WASHINGTON, D.C. - Old battles are raging overseas, in Europe, between Russian-backed separatists and the government in Ukraine, and in the Middle East, between Israel and Hamas and sectarian factions struggling over control of the government in Iraq. So it’s understandable if you missed the fact that right here in Washington an old war between Senate Democrats and the Central Intelligence Agency recently flared up as well.
The latest skirmish came last week when the chair of the Senate Intelligence Committee, Sen. Dianne Feinstein, D-Calif., rejected the declassified version of a report the committee's investigators have spent years compiling on the CIA's interrogation methods. In fact, what Feinstein shunned were redactions the CIA added to the report in order to clear it for public release. She accused the CIA of trying to literally black out the truth of its terror practices, viewed by many Americans as torture.
Feinstein summed up her decision in this terse statement:
“We need additional time to understand the basis for these redactions and determine their justification. Therefore the report will be held until further notice and released when that process is completed.”
Feinstein's refusal to release the report was only the latest round in her long battle with the CIA. Just a couple of weeks ago, CIA director John Brennan was forced to reverse course and publicly acknowledge what Feinstein had long accused his agency of doing: spying on the computer use of Senate staffers as they researched the torture report.
The dispute goes back at least to 2007. That's when the New York Times first reported that CIA operatives destroyed as many as 100 videotapes depicting the agency's "enhanced interrogation" techniques. That news is largely what led Feinstein to launch her probe.
For the most part, the war between the CIA, Feinstein and other Senate Democrats has taken place away from public view. Partly that's by design: Battles between spies and their domestic overseers play out largely behind the scenes and usually only spill into public when one side sees an advantage in leaking.
But it's also due to distraction. The news media and the public have been, quite rightly, focused on a steady torrent of crises overseas – most of which make Washington’s power struggles seem petty by comparison.
Feinstein’s decision was well-timed. There's an old Washington axiom that says, "never try to make news in August" when Americans are worried far more about shaking the sand from their beach shoes than fretting over world events. As long as the CIA report needs more sunlight, then, why not spend August pulling back the shade? If you want the report to make an impact on the public, why not wait until the fall?
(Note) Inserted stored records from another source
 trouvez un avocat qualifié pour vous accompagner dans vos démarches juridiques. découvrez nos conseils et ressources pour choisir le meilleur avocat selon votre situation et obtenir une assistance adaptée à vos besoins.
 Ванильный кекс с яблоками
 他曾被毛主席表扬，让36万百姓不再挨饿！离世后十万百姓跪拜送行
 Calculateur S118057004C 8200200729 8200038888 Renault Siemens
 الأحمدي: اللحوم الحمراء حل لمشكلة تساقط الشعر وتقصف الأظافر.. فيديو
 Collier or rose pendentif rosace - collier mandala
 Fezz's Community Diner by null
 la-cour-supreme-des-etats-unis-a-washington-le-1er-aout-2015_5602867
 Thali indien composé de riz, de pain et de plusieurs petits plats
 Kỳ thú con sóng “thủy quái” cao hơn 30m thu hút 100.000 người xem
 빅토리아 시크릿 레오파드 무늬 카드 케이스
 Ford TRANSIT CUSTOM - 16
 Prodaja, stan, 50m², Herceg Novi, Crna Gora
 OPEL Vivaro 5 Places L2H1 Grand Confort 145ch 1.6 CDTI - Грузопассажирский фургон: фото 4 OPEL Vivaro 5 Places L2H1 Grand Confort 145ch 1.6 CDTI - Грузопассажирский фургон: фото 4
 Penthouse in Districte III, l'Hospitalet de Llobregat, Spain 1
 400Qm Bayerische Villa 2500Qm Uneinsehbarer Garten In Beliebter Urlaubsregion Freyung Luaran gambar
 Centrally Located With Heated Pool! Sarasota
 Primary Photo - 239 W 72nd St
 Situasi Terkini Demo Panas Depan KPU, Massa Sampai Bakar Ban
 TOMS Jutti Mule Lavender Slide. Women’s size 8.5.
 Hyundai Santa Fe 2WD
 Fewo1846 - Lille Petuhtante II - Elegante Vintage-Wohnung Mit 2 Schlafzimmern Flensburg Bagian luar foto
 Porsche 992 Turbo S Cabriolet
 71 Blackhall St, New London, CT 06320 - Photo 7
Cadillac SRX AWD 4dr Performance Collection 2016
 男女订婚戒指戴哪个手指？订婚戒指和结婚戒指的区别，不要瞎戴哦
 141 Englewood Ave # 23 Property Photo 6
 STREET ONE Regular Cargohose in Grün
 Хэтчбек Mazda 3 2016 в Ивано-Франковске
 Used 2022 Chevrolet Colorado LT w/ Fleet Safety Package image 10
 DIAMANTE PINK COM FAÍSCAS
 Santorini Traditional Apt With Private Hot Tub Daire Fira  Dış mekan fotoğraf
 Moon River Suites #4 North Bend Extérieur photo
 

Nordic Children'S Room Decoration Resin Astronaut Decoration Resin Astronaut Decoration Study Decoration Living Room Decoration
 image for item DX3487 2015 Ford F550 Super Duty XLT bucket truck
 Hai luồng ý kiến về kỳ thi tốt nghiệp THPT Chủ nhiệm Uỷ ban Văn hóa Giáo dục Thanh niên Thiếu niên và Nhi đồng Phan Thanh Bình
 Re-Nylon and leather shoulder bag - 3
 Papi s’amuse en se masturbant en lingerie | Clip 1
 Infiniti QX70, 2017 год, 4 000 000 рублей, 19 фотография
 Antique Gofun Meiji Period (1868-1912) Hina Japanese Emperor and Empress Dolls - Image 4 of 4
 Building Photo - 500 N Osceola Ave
Senate Republicans are planning to release their own minority report, highlighting the view that enhanced interrogation (their words) caused al-Qaida detainees to give up information instrumental in killing Osama bin Laden.
Predictably, this is reopening the debate dating back to the middle of the George W. Bush administration over what constitutes torture. President Obama touched off the reprised debate at a White House news conference in August. "We did a whole lot of things that were right (after 9/11), but we tortured some folks," he said.
Some GOP lawmakers are still set to argue techniques like waterboarding aren’t torture. Others, like Sen John McCain, R-Ariz., himself a victim of torture at the hands of north Vietnamese soldiers, insist it is.
Raising the question today - “is waterboarding really torture?” - seems ridiculous. For many Americans, that question was answered years ago. Apparently that’s not the case for some in Congress or the CIA.